Data extract:
┌──
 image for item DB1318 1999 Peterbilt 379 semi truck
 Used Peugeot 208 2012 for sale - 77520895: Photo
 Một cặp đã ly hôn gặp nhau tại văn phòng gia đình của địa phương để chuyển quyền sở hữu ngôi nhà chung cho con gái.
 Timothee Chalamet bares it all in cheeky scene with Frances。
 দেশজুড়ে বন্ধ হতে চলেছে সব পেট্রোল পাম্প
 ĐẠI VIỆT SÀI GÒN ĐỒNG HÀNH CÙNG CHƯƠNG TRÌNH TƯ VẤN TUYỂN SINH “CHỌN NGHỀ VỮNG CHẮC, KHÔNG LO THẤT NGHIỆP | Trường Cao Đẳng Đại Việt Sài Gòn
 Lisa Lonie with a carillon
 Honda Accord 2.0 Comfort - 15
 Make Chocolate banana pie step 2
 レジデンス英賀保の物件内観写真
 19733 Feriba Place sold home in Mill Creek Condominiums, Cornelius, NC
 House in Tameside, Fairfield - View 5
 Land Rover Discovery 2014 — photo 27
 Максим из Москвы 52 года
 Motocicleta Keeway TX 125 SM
└──
What to work on: Nothing but the lines from the one that contains "Максим из Москвы 52 года" through the last line of the entries should appear in your reply, each repeated exactly.

Result for this task:
 Максим из Москвы 52 года
 Motocicleta Keeway TX 125 SM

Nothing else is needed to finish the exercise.